And Counting

Recently, at work, we completed a count-your-steps wellness program sponsored by the PE department to encourage exercise during the holidays.

My total between November 24th and January 7th:

864,916 steps, or approximately 430 miles.

Averaged out, that’s about nine and a half miles a day.

You may think I’m bragging—and maybe I am, a little—but you should know a person covers four or five miles daily, and my number isn’t that large when you consider I add almost two miles walking to and from school and three or four more miles running or elipticizing at the gym.

And what does that number—or any number—mean?

Truth is, counting steps is only the most recent manifestation of my growing counting fetish.  Since July, I’ve been carefully recording calories on a health site and monitoring the number of pounds I’ve lost.  I keep track of daily haiku, how many books I read a year, and the total pages my classes need to finish to reach the end of novels in timely fashion.  Add all the other things ticked off—the items on my to-do list and the number of appointments or meetings each day—and my life seems all enumeration, all noting, recording, accounting.

Does that make me strange?

We sometimes think of numbers as neutral, amassing on their own, figures growing on some counter we can’t see but readily imagine.  Right now, the amount you owe for heating your home is rising.  Right now, you’re accumulating debt or, if you’re lucky, interest.

And scientists attribute powers to numbers.  If we knew all the numbers, they seem to feel, we might open a hidden window on reality…as if, in those exact figures, we can find something lost, including truths we didn’t know were lost.  I remember a childhood friend who carried a pad in his back pocket for a year, marking every emission of his body.  I saw him as the quintessential scientist.  He thought those numbers would mean something, and any missing data would ruin everything.

Now I sometimes feel like that boy.

But counting isn’t always neutral.  It also compels us.  The clicking of that pedometer in my pocket became a comfortable sound, and I might not have had so many steps if I hadn’t been entering the digits on a public site every morning.  Counting is rarely pure recording.  It quickly becomes a variety of self-consciousness.

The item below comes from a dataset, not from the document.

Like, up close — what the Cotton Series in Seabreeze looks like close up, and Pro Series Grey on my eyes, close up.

We affix the expression “but who’s counting?” as a way of alerting the world we are counting, we’re paying attention.

Which is also why counting is the first step of economy.  You can’t conserve without comparison.  You need to know where you’ve been to decide where to go.  I lost pounds that were slowly and unaccountably accumulating when I began measuring today’s consumption against yesterday’s and against an ideal number.  I discovered when I was off-course.

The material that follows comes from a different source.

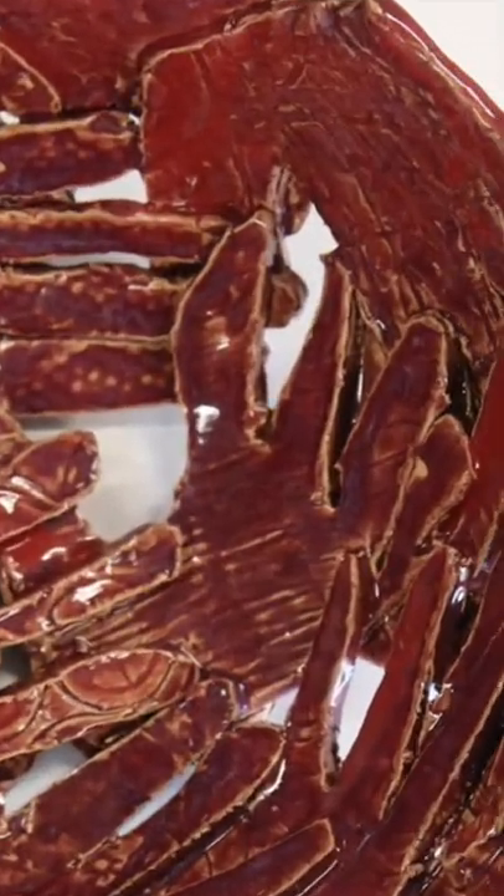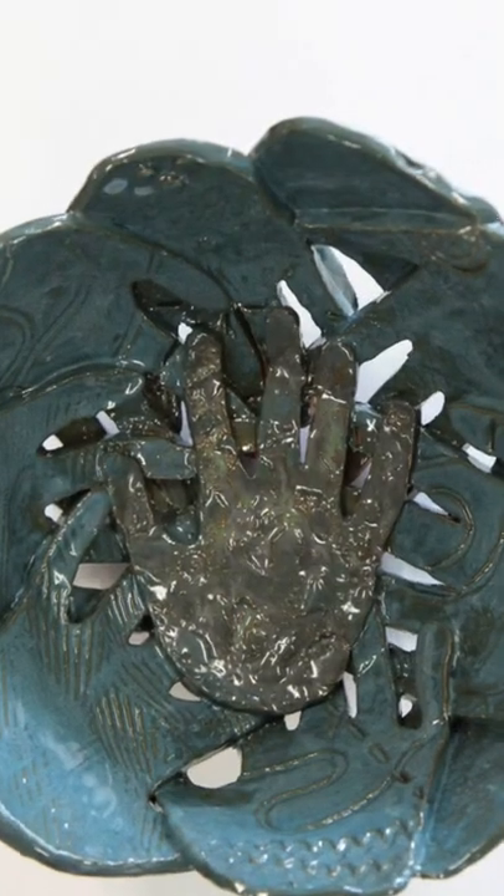Here are a few I've made in the past, glazed, and I hope these ones from this year turn out just as nice.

People sometimes encourage me to stop counting.  They call me a nerd.  Everyone, they say, needs a little abandon.  Everyone needs liberation from self-consciousness, planning, and schedules. Sometimes I am nostalgic for the days when I didn’t have to worry about what I ate or spent.  I miss the holidays when, instead of carrying a pedometer, I added foil wrappers from chocolate kisses to a growing ball in my pocket and laughed when it reached tennis ball size.

The trouble is, counting is in me.  Even that tennis ball was counting.  For me, the real trick isn’t knowing when to count and when not, but knowing which numbers should grow and which shrink.  I like to believe those numbers, nerdy as they are, help me lead a deliberate, thoughtful life.

As a world, we’ve gotten into such messes by not counting, but perhaps our biggest messes arise from counting the wrong things or heedlessly amassing what we might have diminished…or shared.

Maybe I should stop counting.  Maybe I should let numbers change invisibly and simply live in the moment, but I wonder if I can.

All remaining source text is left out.